[LeetCode] 202. Happy Number 快乐数
Write an algorithm to determine if a number is "happy".
A happy number is a number defined by the following process: Starting with any positive integer, replace the number by the sum of the squares of its digits, and repeat the process until the number equals 1 (where it will stay), or it loops endlessly in a cycle which does not include 1. Those numbers for which this process ends in 1 are happy numbers.

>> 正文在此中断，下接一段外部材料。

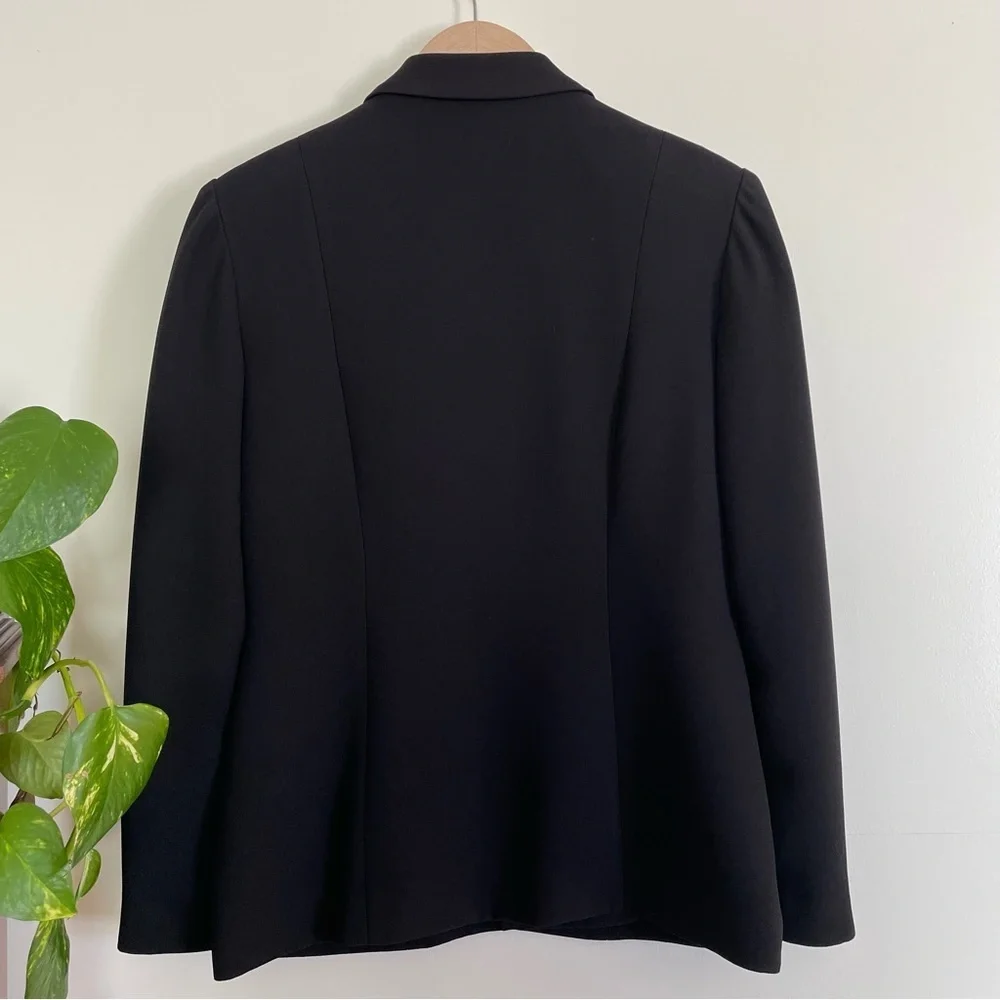 Vintage Talbots Black Double-Breasted Blazer w/ Gold & Enameled Buttons Size 4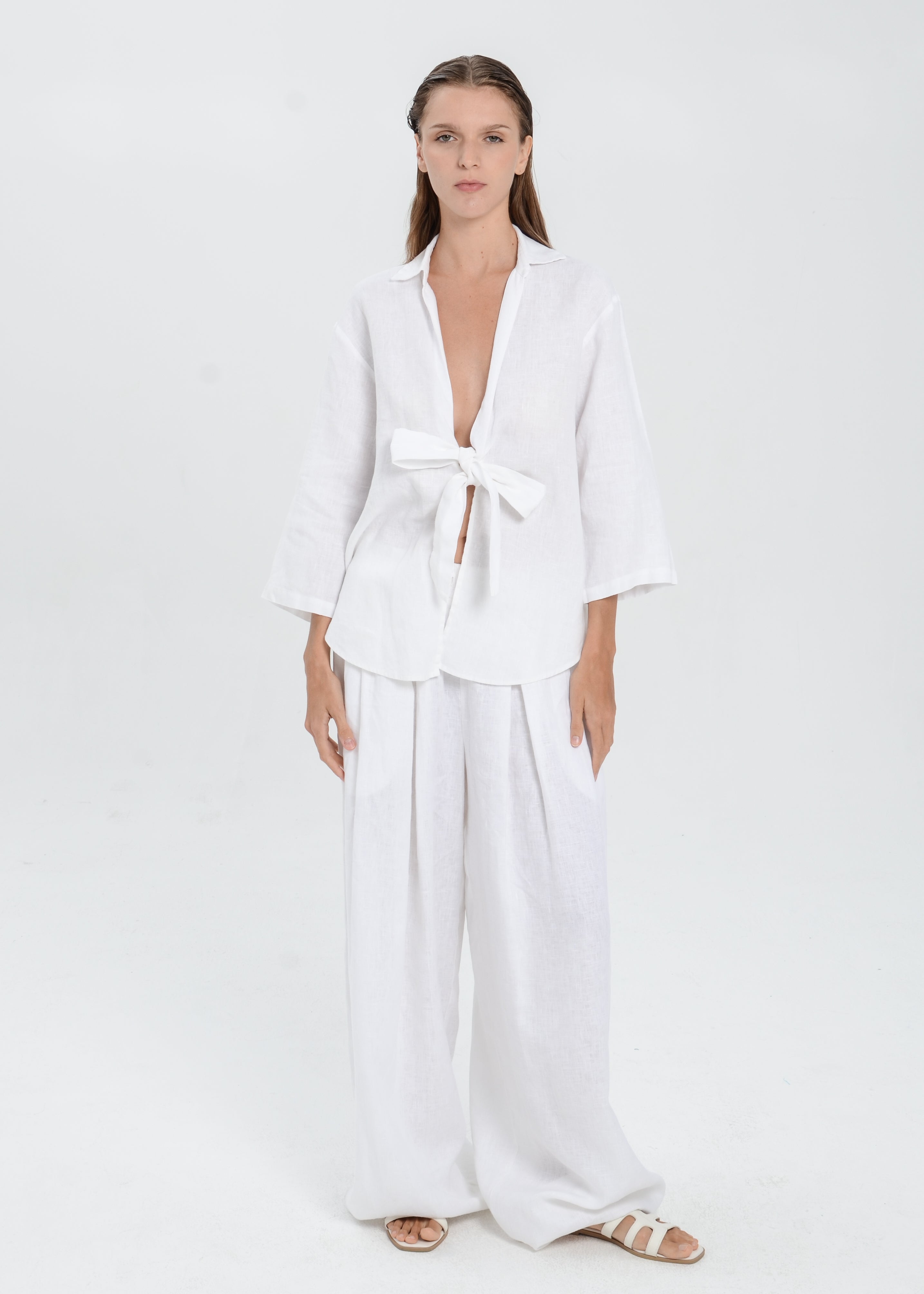 The Essence Linen Jacket - Tie Front Collared Jacket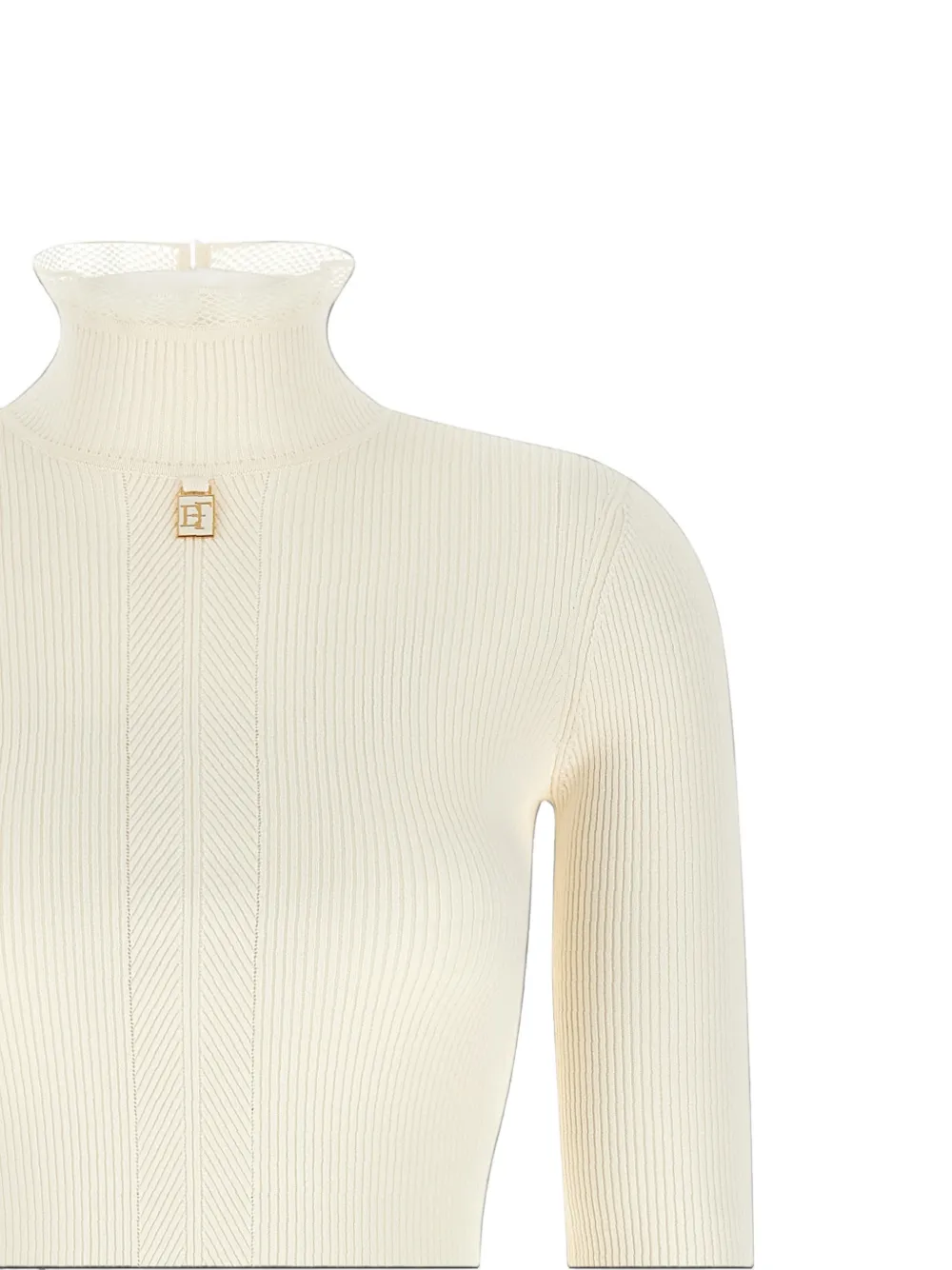 Elisabetta Franchi Ribgebreide jurk met tulen afwerking Beige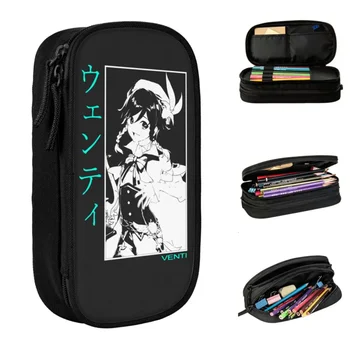 Ударопрочный чехол Venti Genshin, модная сумка для ручек с аниме-играми для девочек и мальчиков, большая вместительная школьная косметичка для карандашей для студентов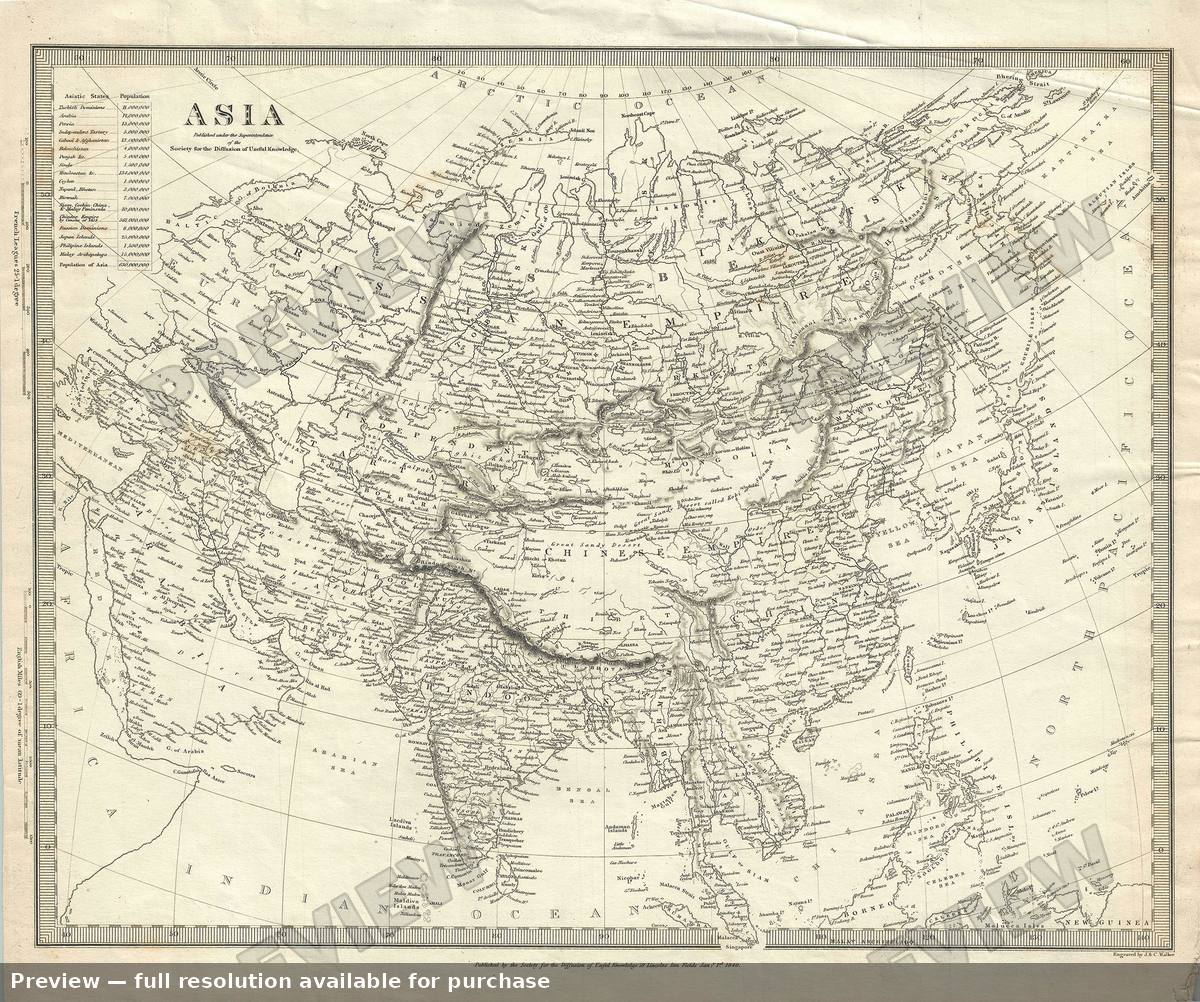Antique map: Asia, 1840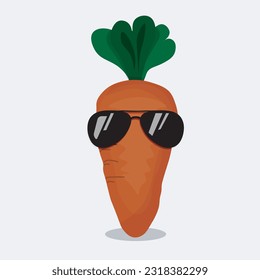 vector of a carrot character wearing a black color sunglass, vector illustration. 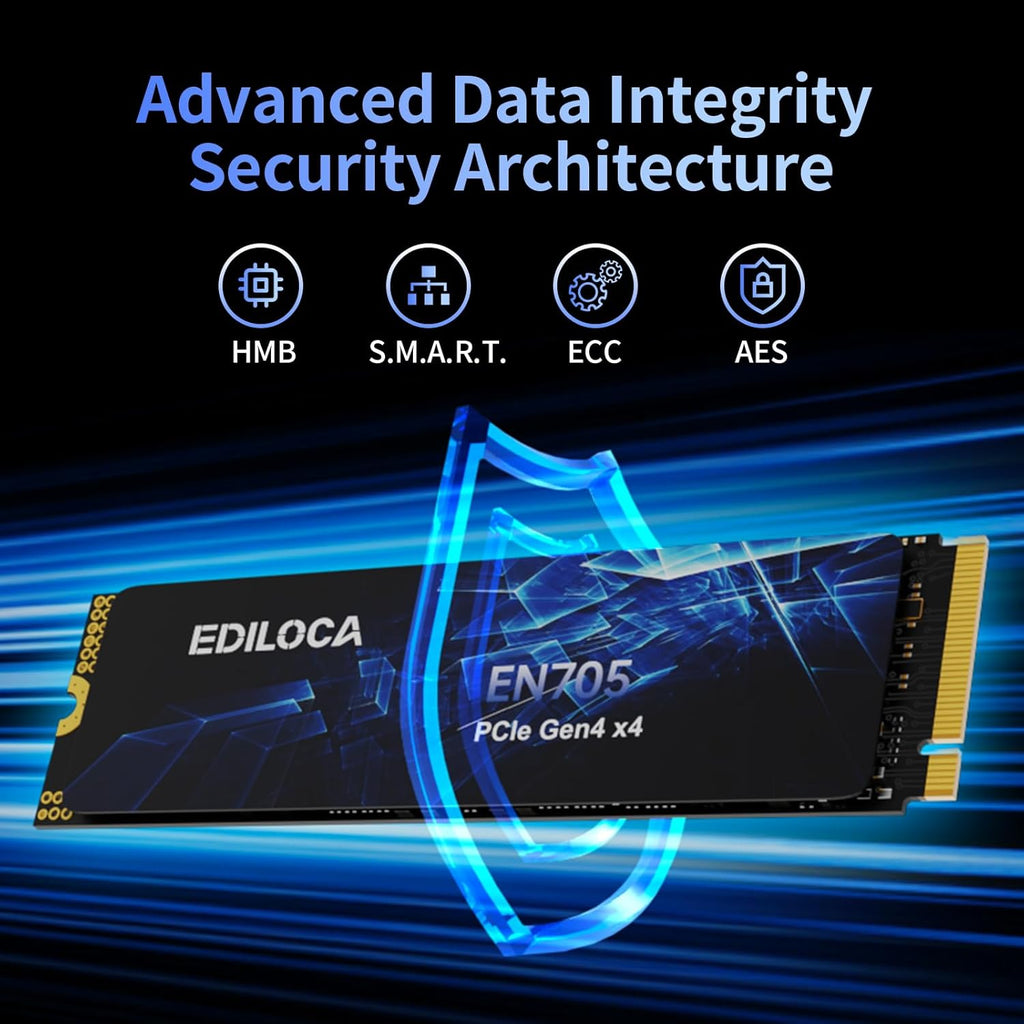 1TB SSD NVMe M.2 2280 PCIe Gen4 x4 Internal Solid State Drive - Up to 5000MB/s, 1TB SSD PS5 Dynamic SLC Cache, PS5 Compatible for Gaming PC Laptop(EN705)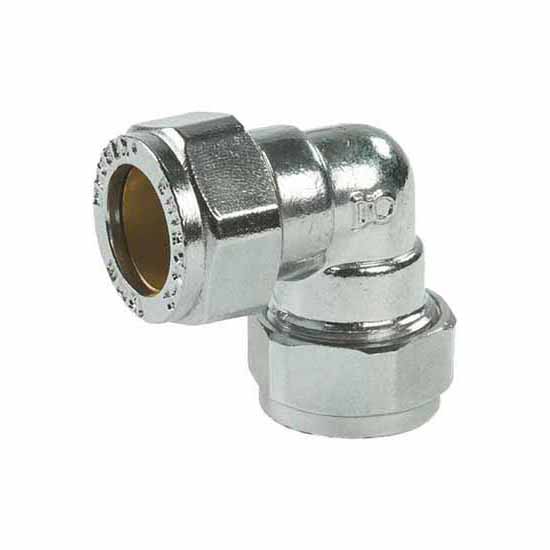 Chrome Compression Elbow Coupler
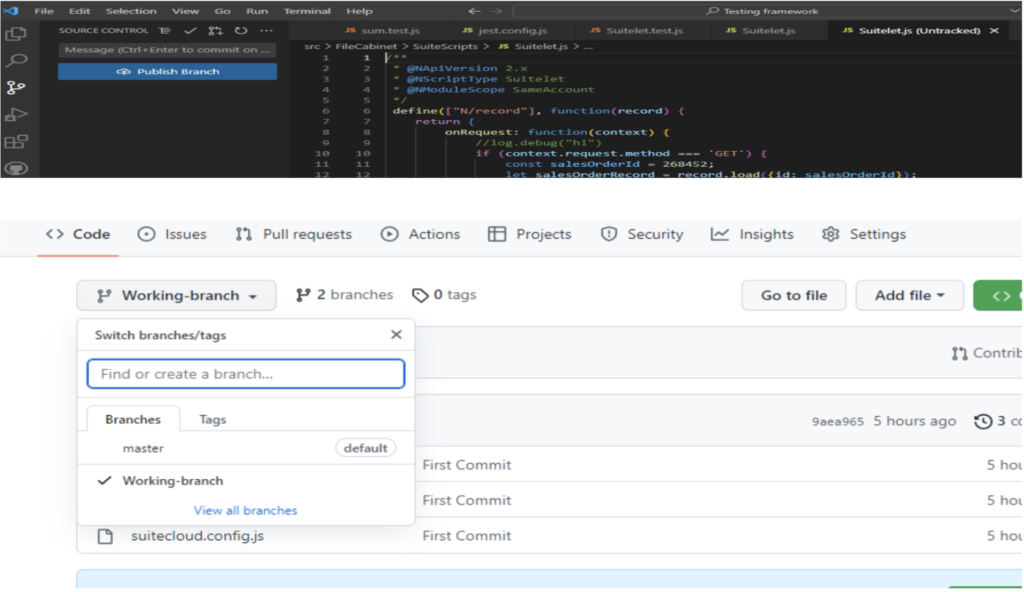 version control in netsuite projects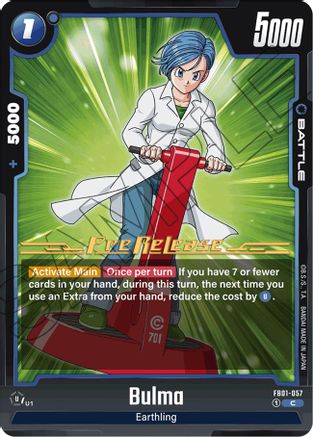 Bulma (FB01-057) [Awakened Pulse Pre-Release Cards] - Deck Out Gaming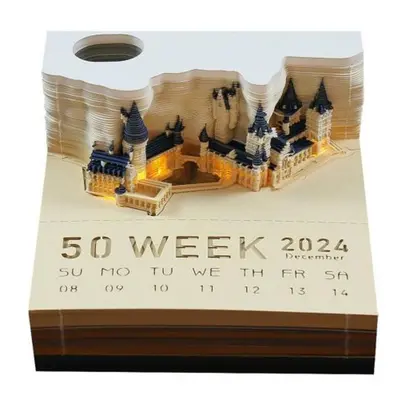 (B) Set Weekly Calendar Creativity 3D Castle Calendar With Led Lights Paper Carving Art Desk Cal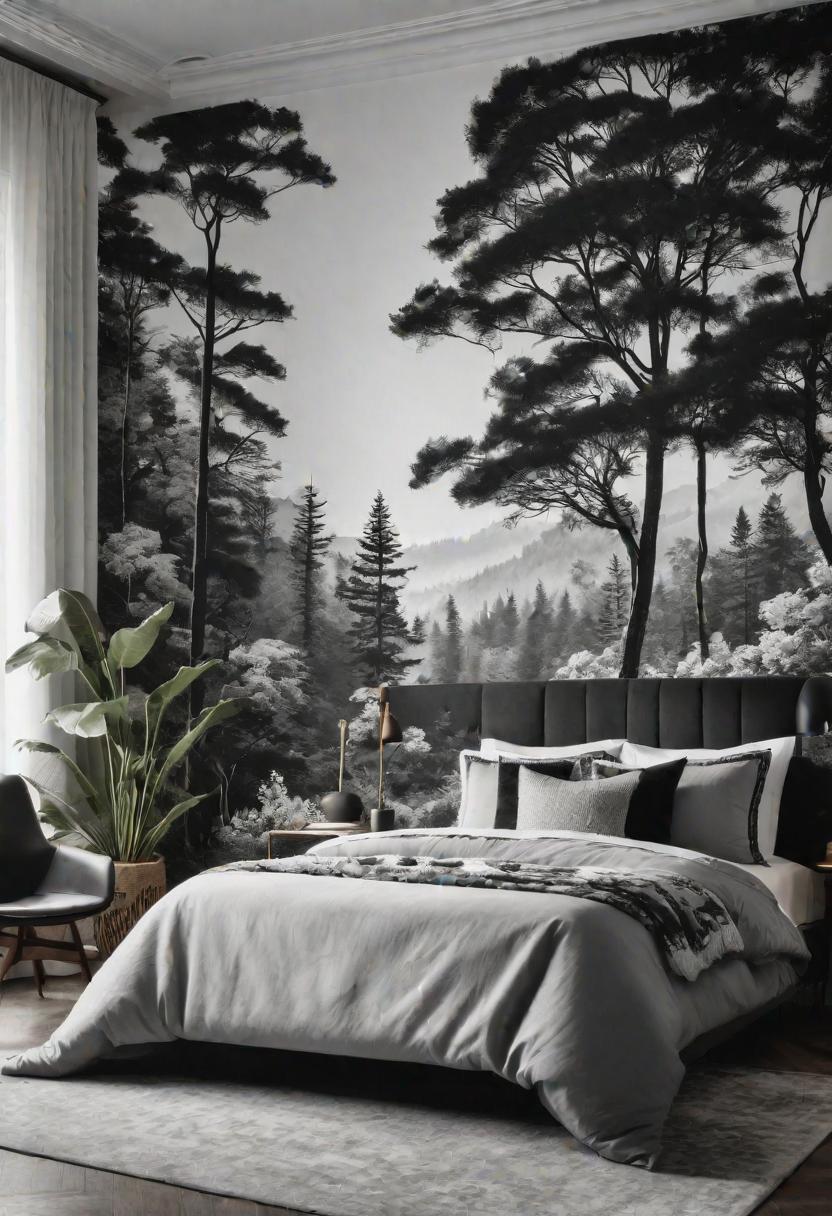 45 Black and White Bedroom Ideas for Timeless Elegance 24 22. Monochrome Nature-Inspired Prints-0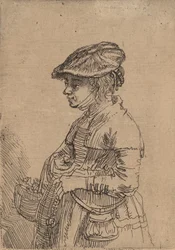 Tyttö korin kanssa, c. 1642.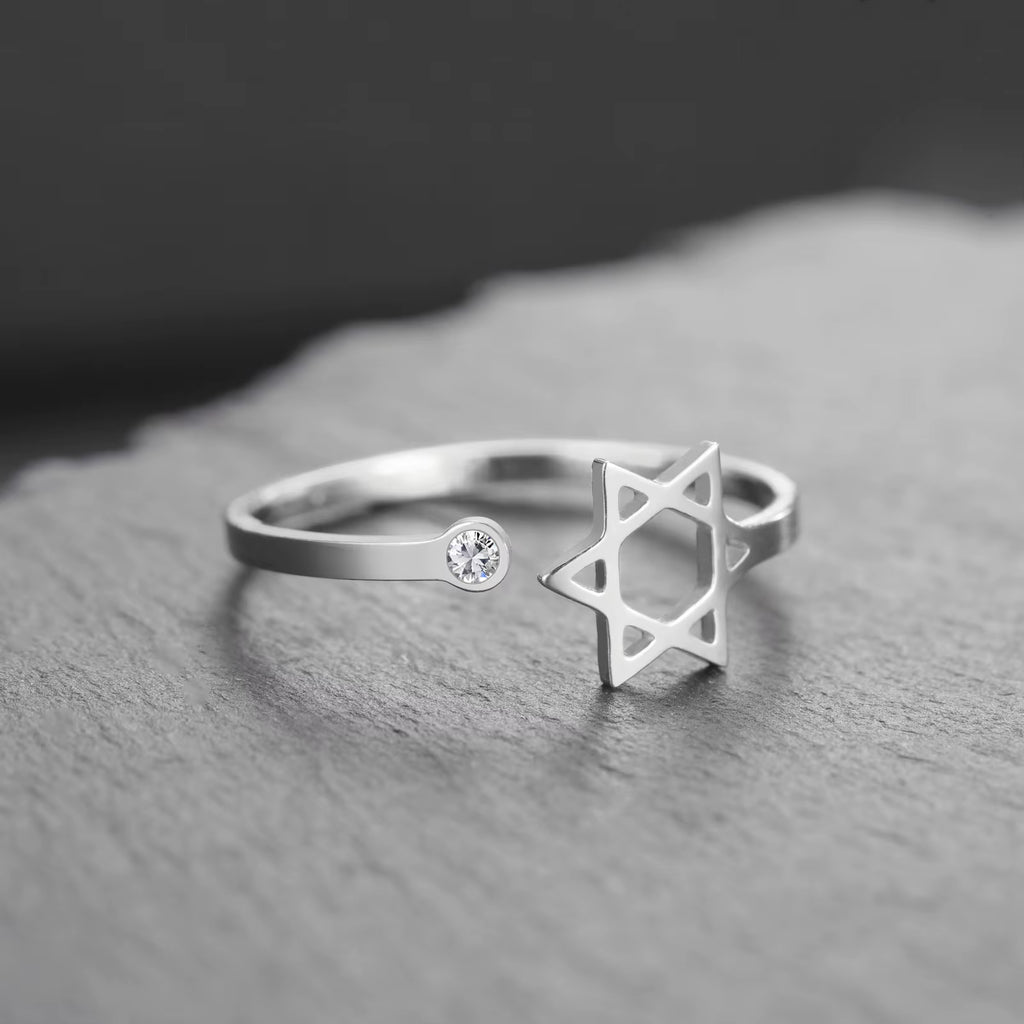Jewish Star of David Open Ring with Clear Zircon Stainless Steel Ring Women Hexagram Jewelry Birthday Gift Wholesale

Example: 19 is a happy number
- 1^2 + 9^2 = 82
- 8^2 + 2^2 = 68
- 6^2 + 8^2 = 100
- 1^2 + 0^2 + 0^2 = 1
Credits:
Special thanks to @mithmatt and @ts for adding this problem and creating all test cases.
写一个算法判断一个数是不是快乐数。快乐数:一个正整数,如果对其各个位上的数字分别平方求和得到一个新的数,再进行同样的操作,如果结果变成了1,则说明是快乐数。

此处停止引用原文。